> [Requirement]: The lines running from the one that contains "Haus zum Kauf" to the end of the records below are what to reproduce, exactly and without pictures.

> [Data shown]:
※

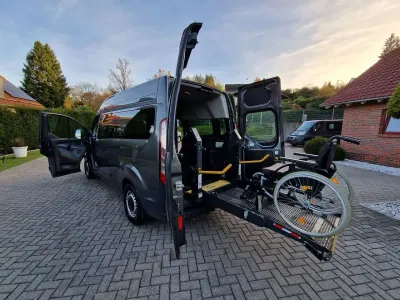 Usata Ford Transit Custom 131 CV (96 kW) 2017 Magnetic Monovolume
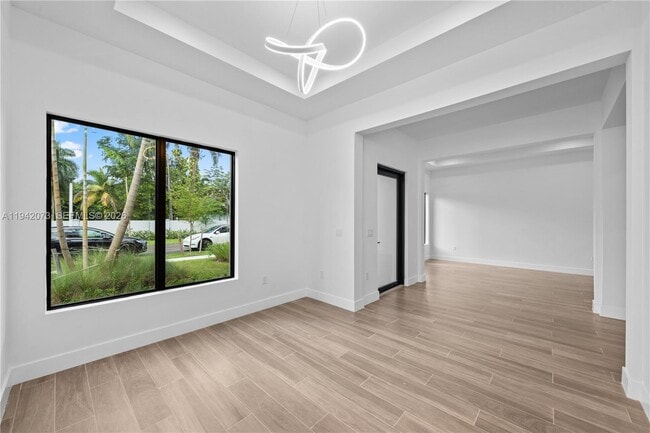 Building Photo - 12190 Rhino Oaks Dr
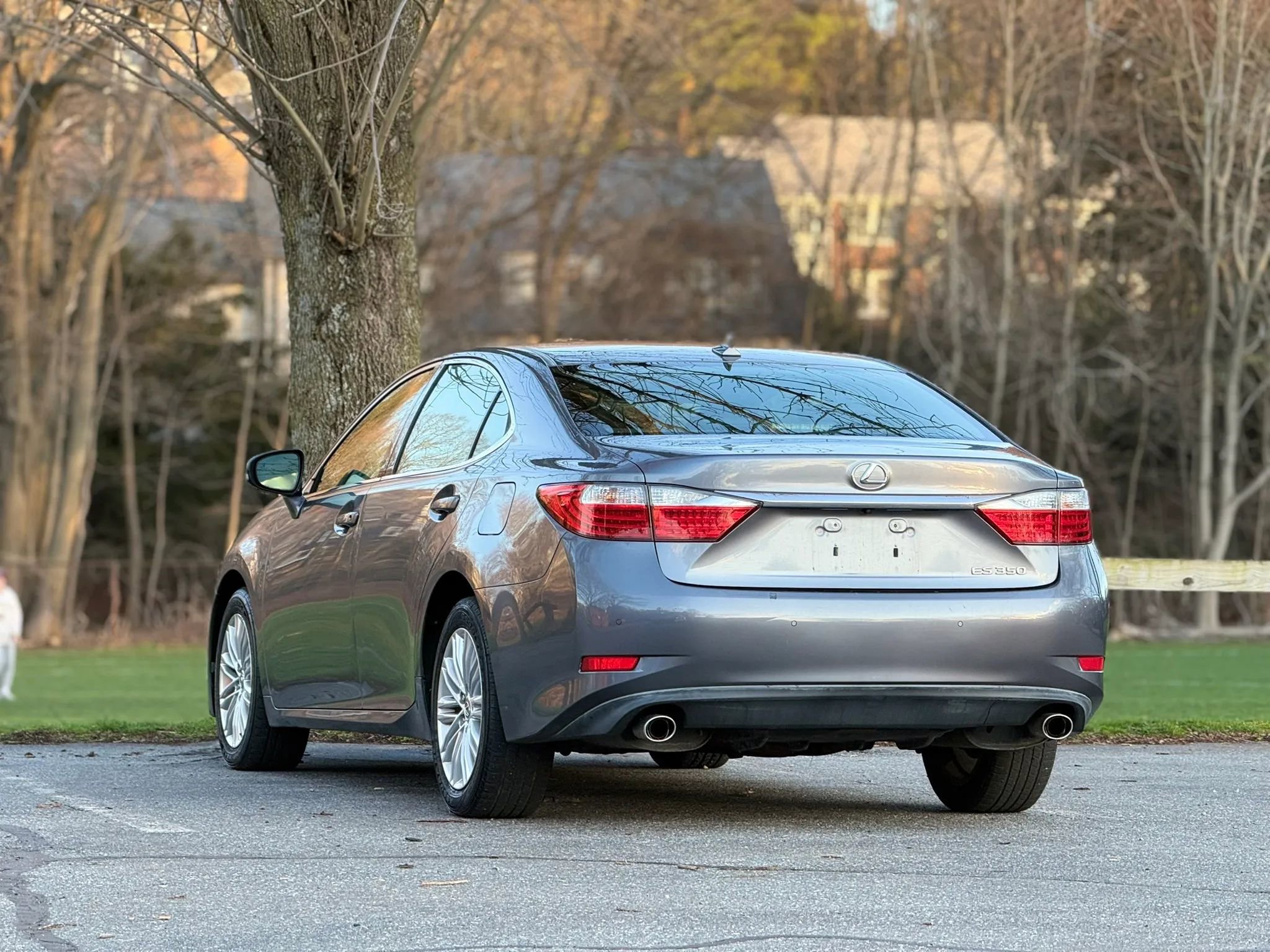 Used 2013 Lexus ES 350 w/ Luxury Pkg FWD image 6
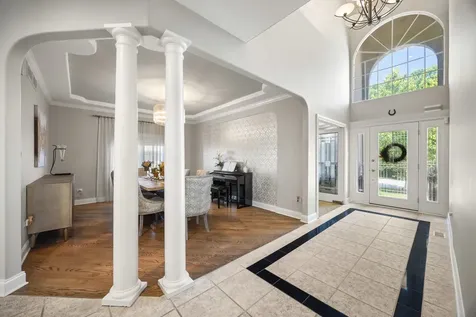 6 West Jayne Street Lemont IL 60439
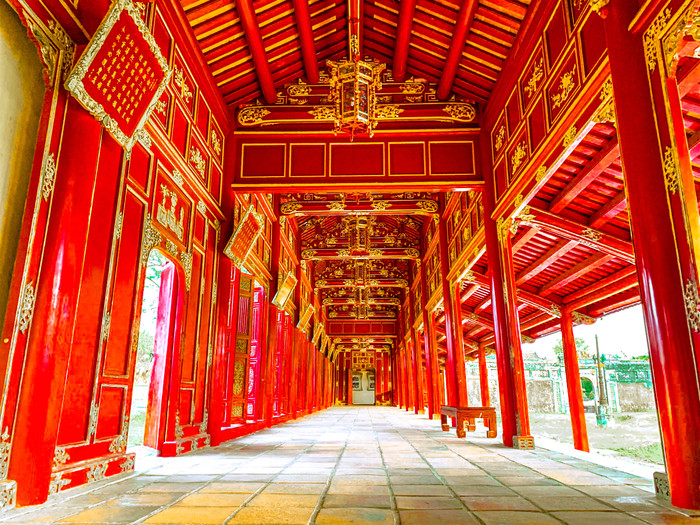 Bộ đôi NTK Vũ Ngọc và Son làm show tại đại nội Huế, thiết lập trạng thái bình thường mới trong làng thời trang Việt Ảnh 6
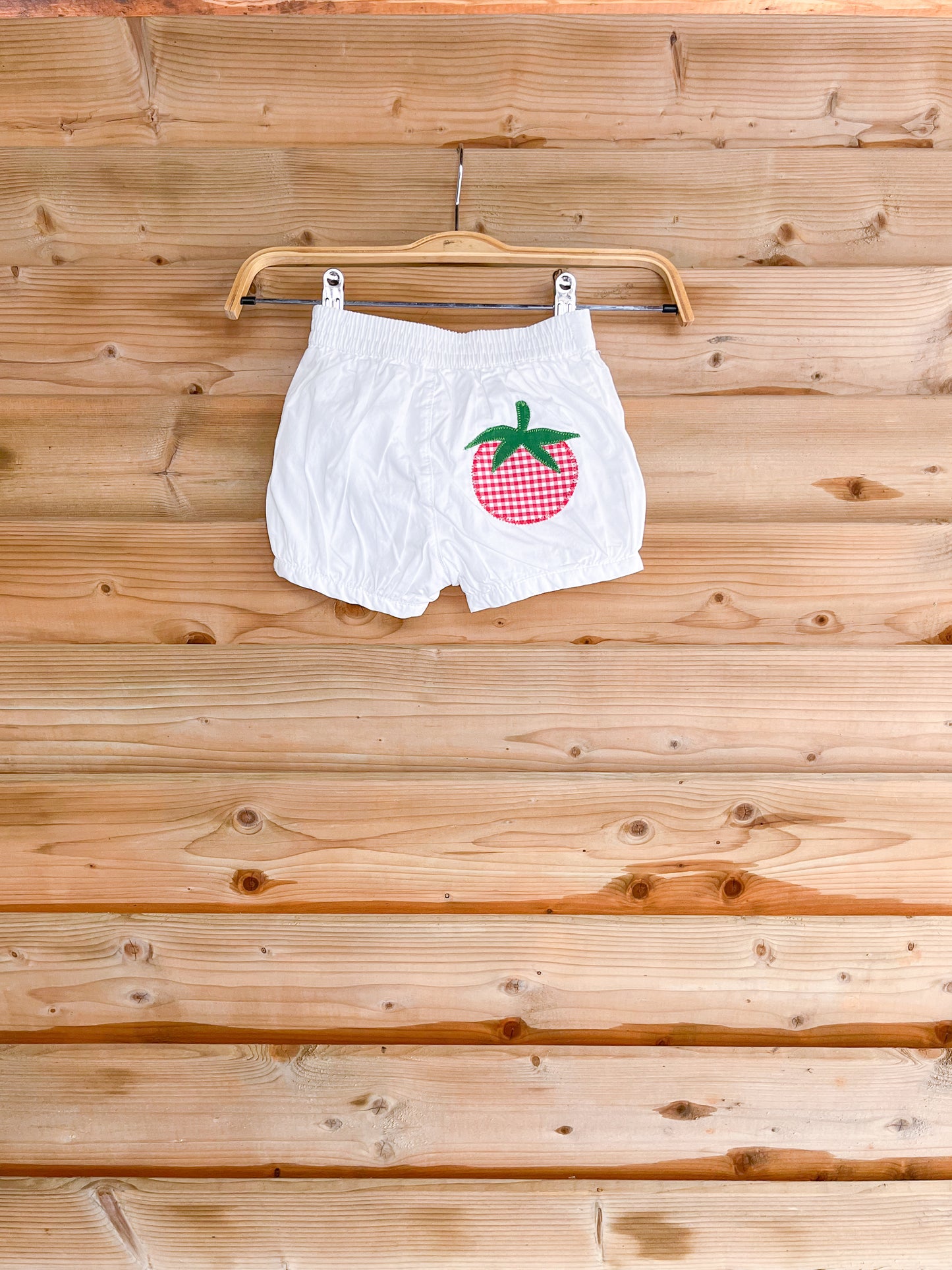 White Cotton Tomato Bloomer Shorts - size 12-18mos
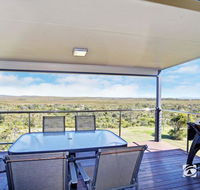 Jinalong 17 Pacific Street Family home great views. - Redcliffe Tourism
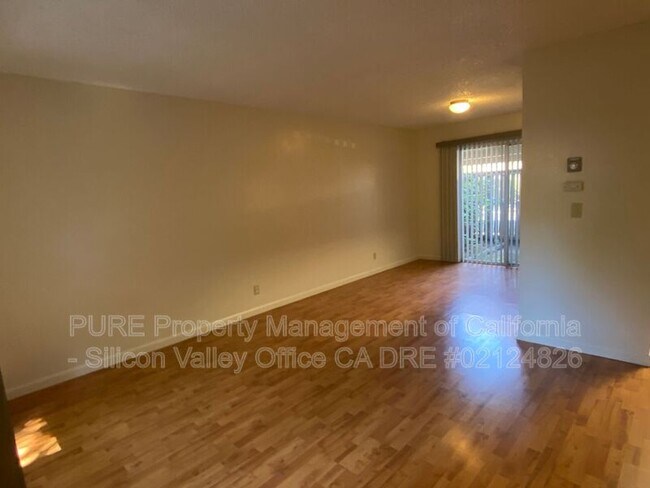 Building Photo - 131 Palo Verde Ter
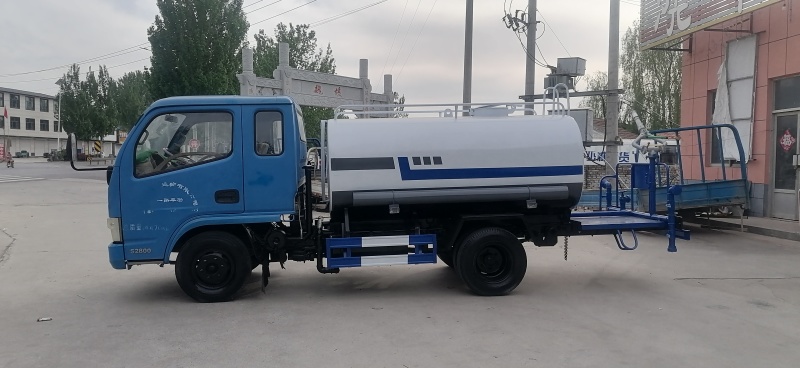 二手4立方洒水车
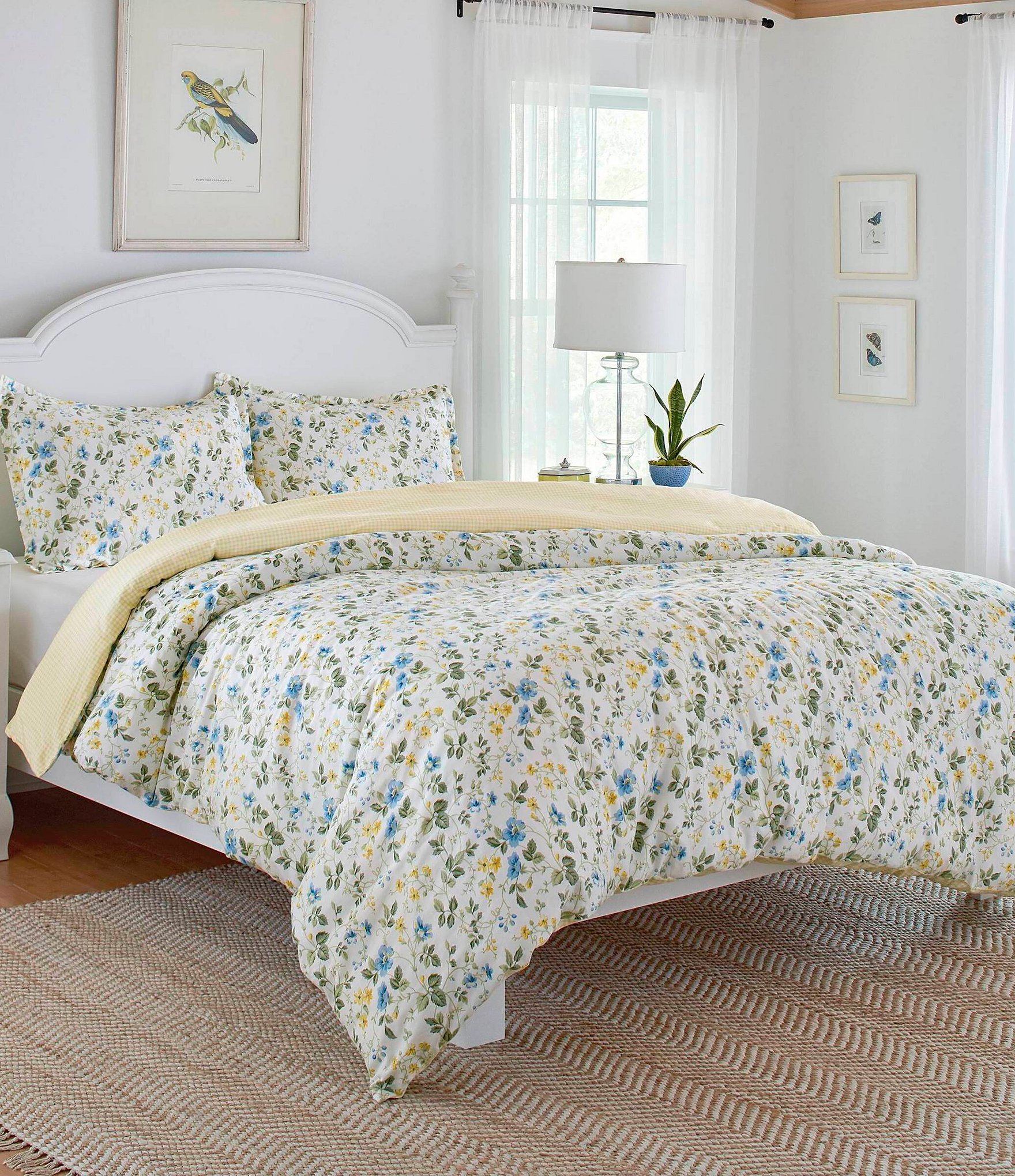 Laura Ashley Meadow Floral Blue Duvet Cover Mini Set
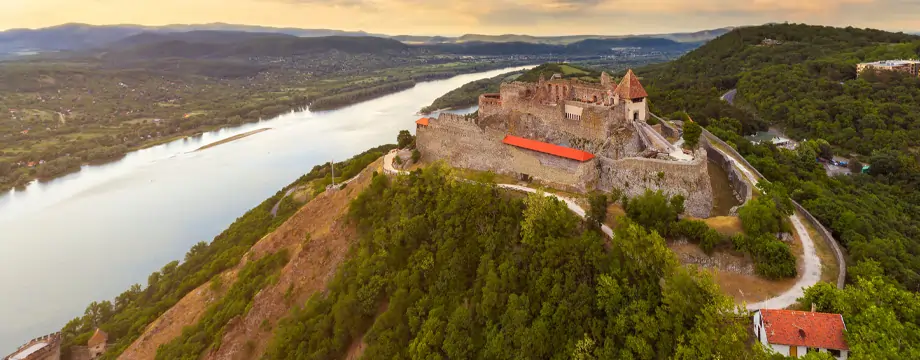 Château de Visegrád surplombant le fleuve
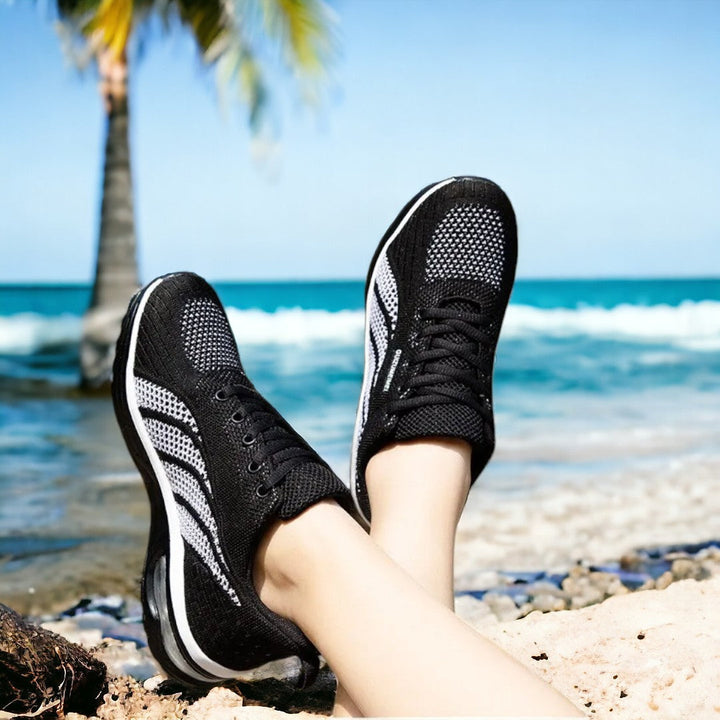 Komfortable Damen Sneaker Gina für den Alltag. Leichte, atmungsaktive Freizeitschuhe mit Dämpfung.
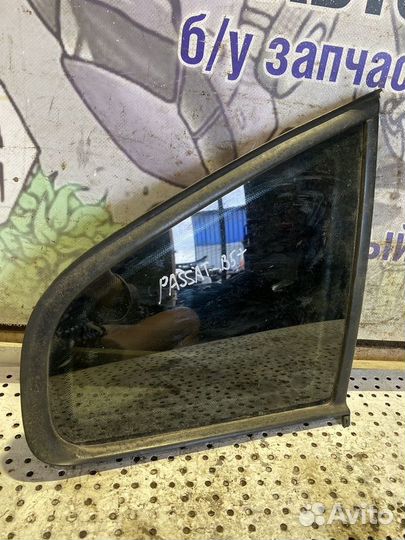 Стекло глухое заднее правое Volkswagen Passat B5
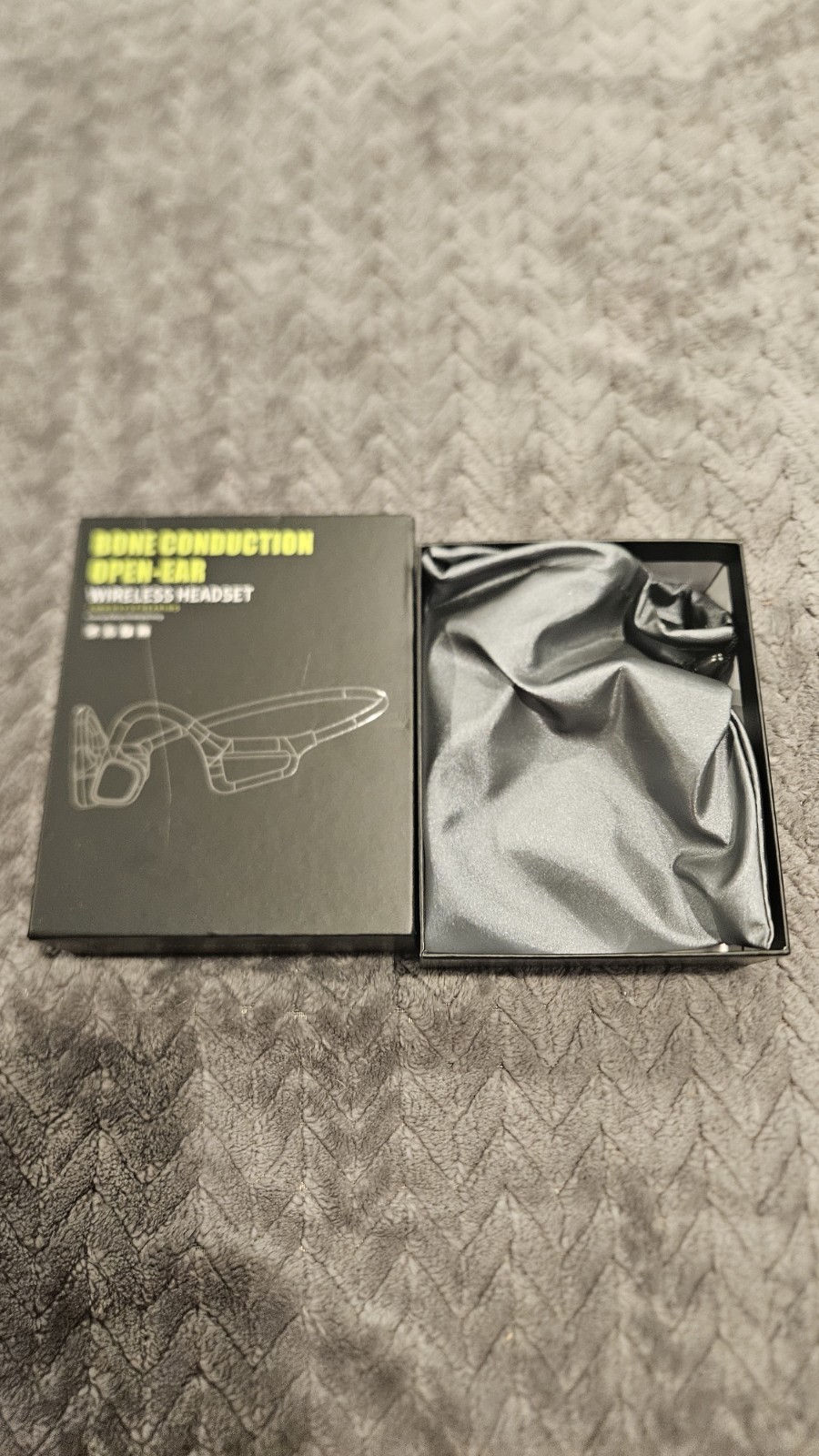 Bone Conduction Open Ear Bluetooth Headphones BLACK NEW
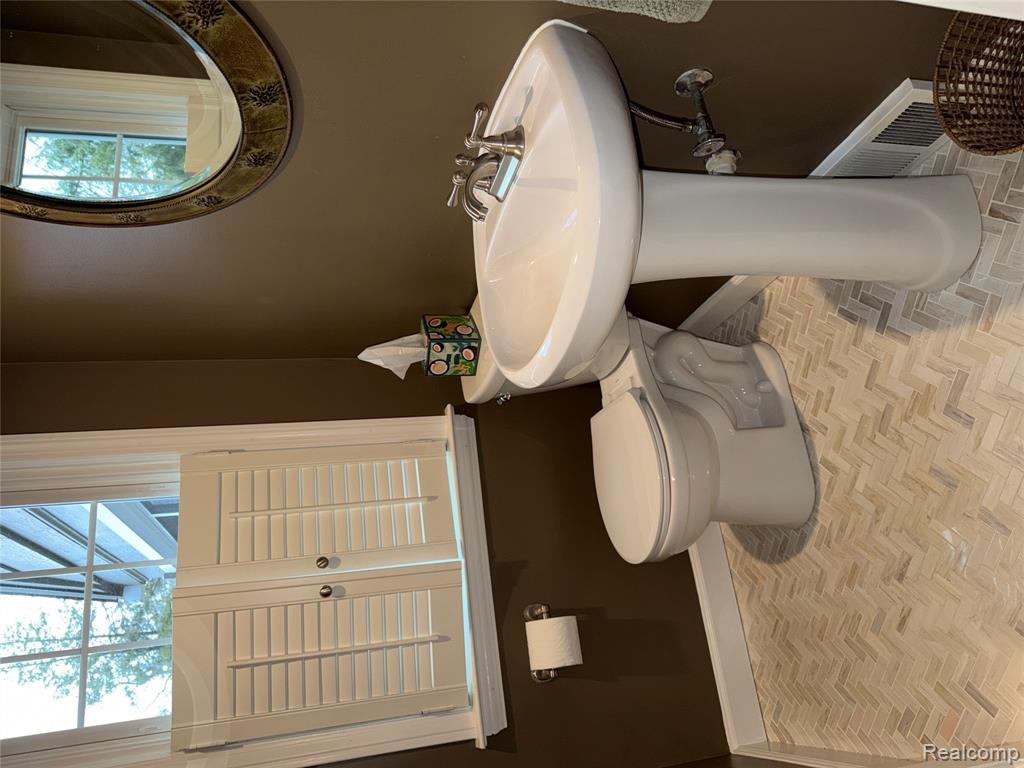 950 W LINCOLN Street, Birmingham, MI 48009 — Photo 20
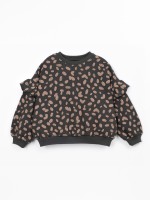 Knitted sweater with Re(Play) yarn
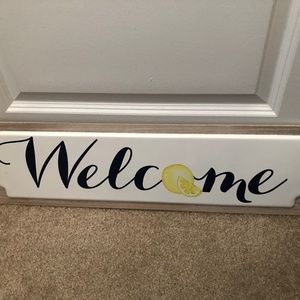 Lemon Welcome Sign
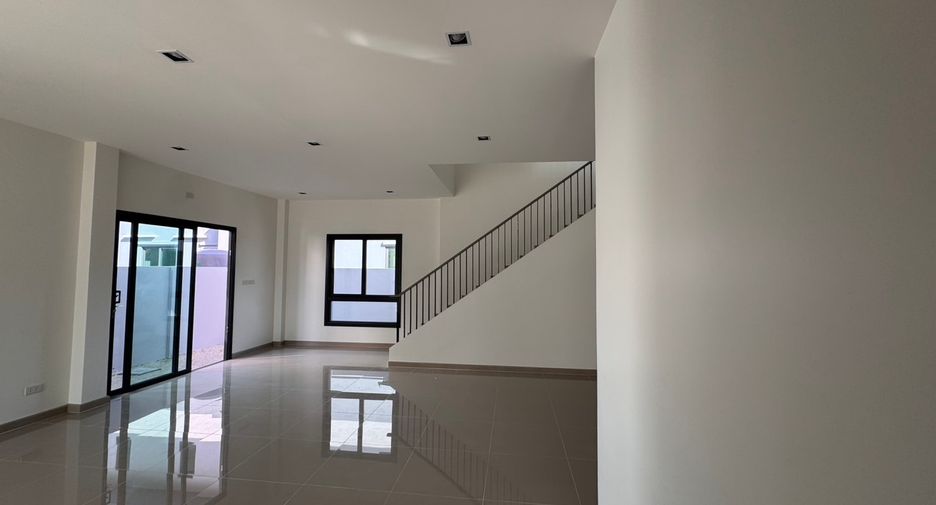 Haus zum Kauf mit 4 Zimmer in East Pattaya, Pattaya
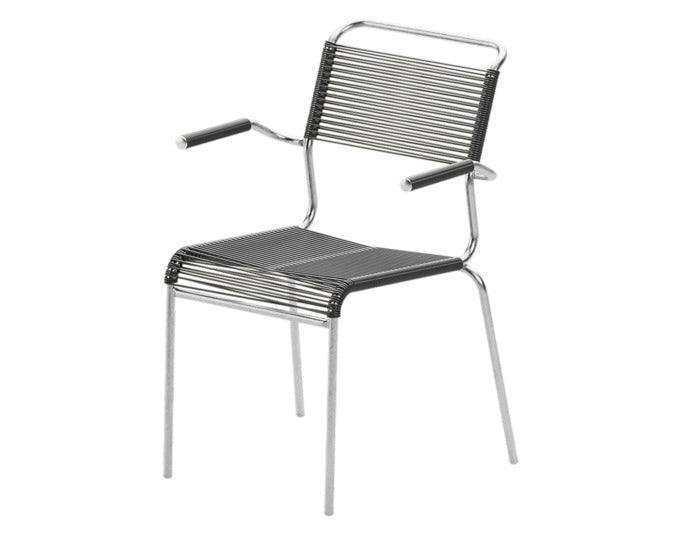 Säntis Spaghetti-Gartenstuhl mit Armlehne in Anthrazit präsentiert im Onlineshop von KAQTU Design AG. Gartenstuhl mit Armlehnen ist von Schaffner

※

> [Exercise answer]:
 Haus zum Kauf mit 4 Zimmer in East Pattaya, Pattaya
 Säntis Spaghetti-Gartenstuhl mit Armlehne in Anthrazit präsentiert im Onlineshop von KAQTU Design AG. Gartenstuhl mit Armlehnen ist von Schaffner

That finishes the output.